The government has urged the Supreme Court to give an authoritative decision on whether a child or juvenile accused of a crime can apply for anticipatory bail.
It said the question of law has been a dilemma with courts giving opposing judgments over the years. In fact, just earlier this year, the Calcutta High Court referred the question to a larger Bench after coordinate Benches gave differing opinions.
The Centre wants the Supreme Court to end a debate that concerns the fundamental right to personal liberty of a minor.
Arguments in High Courts favouring anticipatory bail under Section 438 of the Criminal Procedure Code for juveniles are based on the principle that every person has a right not to be hounded by the police. They note that the Juvenile Justice Act of 2015 is silent about anticipatory bail. However, this silence cannot be interpreted to conclude that the 2015 law was averse to anticipatory bail. A “beneficial legislation” like the juvenile justice law cannot be interpreted to exclude a component of Article 21 (right to life) of the Constitution. Besides, they argue that if an adult can seek anticipatory bail, a child should also be able to do the same.

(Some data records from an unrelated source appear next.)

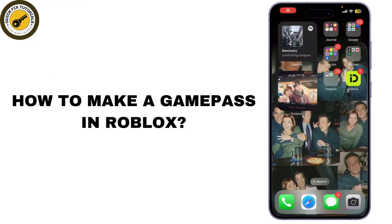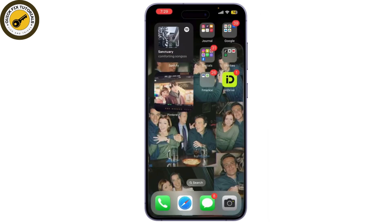Today, I'm going to show you how to make a Game Pass in Roblox. Quick and easy, so let's jump right in.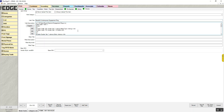Description templates give you more control over how you want your inventory to print internally and how you want it to look on your website. Description templates are available in Edge 21.1 or higher.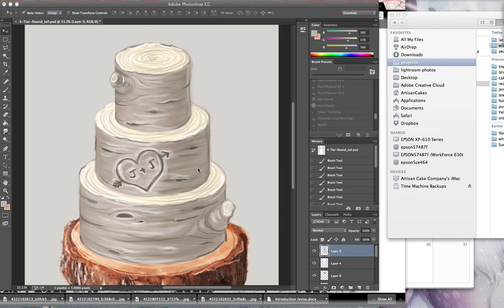Hey everybody, Elizabeth here again, and I'm going to show you a quick video on cutting out flowers and adding them to your cake design.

On the other hand, those countering this stream of argument say the question of law is non-existent. Children are never “arrested” or put behind bars. The question of anticipatory bail does not arise because the law does not entail or envisage the detention or placement of a child in a jail or police lock-up. In fact, they say, the 2015 Act consciously uses the term “apprehended” instead of “arrest”.
“A child cannot be arrested and he can at best be apprehended and placed in charge of Special Juvenile Police Unit (SJPU) or Designated Child Welfare Police Officer (CWPO) for production before the Juvenile Justice Board within 24 hours… therefore the jurisdiction of the court under Section 438 of the Code is not liable to be invoked,” a Calcutta High Court decision reasoned.
The Juvenile Justice (Care and Protection of Children) Model Rules of 2016, lawyers in High Courts argue, bars a child from being apprehended except in case of commission of heinous offence or where it is otherwise in his or her best interest. In all other cases, the SJPU or CWPO passes on the information about the offence allegedly committed by the child, along with his or her social background, to the Board, and intimate the parents or the guardian.
Besides, they argue that extending the right of anticipatory bail to children would do more harm than good. The rejection of anticipatory bail by a court would imply arrest. This situation would be totally contrary to the bar on putting children in lock-up or jail.